#### Exercise input ####

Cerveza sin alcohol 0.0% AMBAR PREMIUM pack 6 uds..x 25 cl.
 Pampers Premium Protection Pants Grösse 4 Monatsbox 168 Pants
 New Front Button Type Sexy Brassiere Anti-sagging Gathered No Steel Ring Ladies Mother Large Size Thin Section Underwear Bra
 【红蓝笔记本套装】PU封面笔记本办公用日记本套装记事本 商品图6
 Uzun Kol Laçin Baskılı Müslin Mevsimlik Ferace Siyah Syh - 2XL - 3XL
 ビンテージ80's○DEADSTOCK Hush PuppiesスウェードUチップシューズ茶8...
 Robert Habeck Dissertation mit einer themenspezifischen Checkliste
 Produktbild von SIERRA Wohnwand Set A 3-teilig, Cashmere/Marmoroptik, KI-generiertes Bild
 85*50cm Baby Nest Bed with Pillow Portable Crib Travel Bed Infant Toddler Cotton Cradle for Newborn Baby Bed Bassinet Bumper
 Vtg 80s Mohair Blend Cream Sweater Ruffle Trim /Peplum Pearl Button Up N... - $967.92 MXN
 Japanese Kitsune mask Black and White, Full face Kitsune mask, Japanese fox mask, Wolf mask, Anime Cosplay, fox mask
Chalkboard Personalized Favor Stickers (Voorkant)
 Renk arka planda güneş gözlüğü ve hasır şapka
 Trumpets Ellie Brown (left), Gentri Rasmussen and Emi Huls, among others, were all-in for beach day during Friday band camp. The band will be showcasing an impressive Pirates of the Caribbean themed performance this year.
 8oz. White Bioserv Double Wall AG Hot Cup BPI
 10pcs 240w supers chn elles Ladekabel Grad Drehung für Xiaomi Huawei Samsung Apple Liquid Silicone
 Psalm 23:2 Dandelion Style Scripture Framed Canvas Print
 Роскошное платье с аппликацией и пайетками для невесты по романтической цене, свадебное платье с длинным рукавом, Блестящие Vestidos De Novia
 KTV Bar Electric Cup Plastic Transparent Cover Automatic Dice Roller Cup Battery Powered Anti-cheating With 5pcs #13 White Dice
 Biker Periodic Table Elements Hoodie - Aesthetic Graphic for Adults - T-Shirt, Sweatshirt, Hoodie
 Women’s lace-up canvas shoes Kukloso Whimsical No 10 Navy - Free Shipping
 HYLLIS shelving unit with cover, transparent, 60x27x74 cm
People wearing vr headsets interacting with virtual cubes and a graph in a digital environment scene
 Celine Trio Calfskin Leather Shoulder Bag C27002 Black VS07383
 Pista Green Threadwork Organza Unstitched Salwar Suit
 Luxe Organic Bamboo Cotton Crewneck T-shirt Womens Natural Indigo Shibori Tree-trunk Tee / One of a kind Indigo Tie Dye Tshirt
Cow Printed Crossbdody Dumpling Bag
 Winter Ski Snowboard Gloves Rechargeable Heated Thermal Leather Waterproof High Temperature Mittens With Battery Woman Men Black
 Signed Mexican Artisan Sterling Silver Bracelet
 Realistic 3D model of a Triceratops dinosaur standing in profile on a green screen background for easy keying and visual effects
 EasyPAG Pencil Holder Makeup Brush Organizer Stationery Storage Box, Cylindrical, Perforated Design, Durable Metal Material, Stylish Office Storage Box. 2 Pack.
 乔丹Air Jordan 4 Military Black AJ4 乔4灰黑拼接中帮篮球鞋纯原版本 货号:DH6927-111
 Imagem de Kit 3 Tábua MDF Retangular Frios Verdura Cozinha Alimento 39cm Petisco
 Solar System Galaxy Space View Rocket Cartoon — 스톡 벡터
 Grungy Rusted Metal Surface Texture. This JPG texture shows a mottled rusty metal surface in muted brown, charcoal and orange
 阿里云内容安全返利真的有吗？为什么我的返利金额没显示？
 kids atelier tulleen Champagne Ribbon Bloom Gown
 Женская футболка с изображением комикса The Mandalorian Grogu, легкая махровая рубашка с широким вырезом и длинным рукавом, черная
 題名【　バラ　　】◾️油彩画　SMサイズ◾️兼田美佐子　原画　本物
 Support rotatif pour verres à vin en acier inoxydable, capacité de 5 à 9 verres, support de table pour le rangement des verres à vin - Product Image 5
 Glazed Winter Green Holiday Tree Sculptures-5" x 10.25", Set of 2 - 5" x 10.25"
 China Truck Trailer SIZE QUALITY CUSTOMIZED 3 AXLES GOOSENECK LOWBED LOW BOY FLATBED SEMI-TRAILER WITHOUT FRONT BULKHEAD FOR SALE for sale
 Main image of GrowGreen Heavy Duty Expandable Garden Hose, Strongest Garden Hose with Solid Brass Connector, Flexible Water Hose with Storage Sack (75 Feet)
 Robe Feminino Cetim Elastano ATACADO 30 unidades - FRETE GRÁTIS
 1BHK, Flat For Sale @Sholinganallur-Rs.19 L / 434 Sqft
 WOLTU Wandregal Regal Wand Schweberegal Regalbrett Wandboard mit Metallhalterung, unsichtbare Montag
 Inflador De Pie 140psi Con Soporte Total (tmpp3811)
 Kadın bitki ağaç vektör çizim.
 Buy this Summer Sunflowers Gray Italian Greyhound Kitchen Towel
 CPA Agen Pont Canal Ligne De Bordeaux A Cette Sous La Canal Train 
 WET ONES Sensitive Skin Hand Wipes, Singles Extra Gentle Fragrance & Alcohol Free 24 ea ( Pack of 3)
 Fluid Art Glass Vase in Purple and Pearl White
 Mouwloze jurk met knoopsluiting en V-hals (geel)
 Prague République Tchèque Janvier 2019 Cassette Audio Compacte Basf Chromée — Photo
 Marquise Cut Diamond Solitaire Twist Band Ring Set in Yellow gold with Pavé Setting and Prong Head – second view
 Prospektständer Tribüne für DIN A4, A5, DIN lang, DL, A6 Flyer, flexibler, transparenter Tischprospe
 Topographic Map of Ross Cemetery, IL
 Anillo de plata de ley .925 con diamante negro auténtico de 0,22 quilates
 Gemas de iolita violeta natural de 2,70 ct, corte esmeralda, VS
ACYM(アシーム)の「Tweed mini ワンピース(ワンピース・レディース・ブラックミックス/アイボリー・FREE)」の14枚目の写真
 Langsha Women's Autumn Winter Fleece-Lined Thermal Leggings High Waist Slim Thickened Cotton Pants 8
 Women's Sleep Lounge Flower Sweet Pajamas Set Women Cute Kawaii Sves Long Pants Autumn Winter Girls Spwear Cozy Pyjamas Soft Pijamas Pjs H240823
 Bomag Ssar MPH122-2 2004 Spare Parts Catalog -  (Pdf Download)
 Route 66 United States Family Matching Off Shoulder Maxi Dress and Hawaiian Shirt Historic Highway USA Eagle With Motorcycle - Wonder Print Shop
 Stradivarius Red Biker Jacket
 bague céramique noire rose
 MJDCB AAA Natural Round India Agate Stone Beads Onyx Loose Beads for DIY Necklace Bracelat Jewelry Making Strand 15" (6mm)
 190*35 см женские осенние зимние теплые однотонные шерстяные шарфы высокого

####

--- About this task ---
Reproduce only the lines above, starting at the line with "Psalm 23:2 Dandelion" and ending at the line with "KTV Bar Electric", exactly as written.

--- Solution to the problem ---
 Psalm 23:2 Dandelion Style Scripture Framed Canvas Print
 Роскошное платье с аппликацией и пайетками для невесты по романтической цене, свадебное платье с длинным рукавом, Блестящие Vestidos De Novia
 KTV Bar Electric Cup Plastic Transparent Cover Automatic Dice Roller Cup Battery Powered Anti-cheating With 5pcs #13 White Dice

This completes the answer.